How is this different to "rate of incoming"?
If you mean "cached right now", then I'd need a timeframe so I could design an event. I could do this in December or January.
- How much total RAM do all v2/v3/both descs occupy on your hsdirs? (max,min,avg,mean over your 18 hsdirs)
I think we have some of the data, but I'd need a list of the objects that contribute to RAM usage. Do you just want descriptors, or is there a replay cache?

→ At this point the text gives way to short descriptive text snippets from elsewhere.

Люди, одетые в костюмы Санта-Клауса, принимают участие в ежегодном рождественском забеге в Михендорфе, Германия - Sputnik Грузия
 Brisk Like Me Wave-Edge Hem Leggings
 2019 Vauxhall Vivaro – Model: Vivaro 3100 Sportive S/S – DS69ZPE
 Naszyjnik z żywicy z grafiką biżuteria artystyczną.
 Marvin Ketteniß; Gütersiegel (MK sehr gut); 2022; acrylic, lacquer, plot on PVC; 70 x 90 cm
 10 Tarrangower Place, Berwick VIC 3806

I could do this in December or January.
- Size variance of v2/v3 descs? (max,min,avg,mean)
Already implemented as a histogram, needs defined bin sizes.
- What's the rate of incoming v2/v3/both descs?
Already implemented, needs a time period.
- How many failed requests for HS descriptors over time? (percentage over total requests?)
I'm going to implement this in December.
These are just the obvious stats that I came up with. We can come up with more stuff as we see some results and understand the space better.
Let me know if you need help in turning the above sentences into methodologies.
We will also need an estimate of how much 1 client / service would contribute to each statistic in 10 minutes.
Is that to figure out the noise for differential privacy? Let's try to come up with the final stats list and then we can figure this out.
Yes, that's fine. They only need to be rough estimates.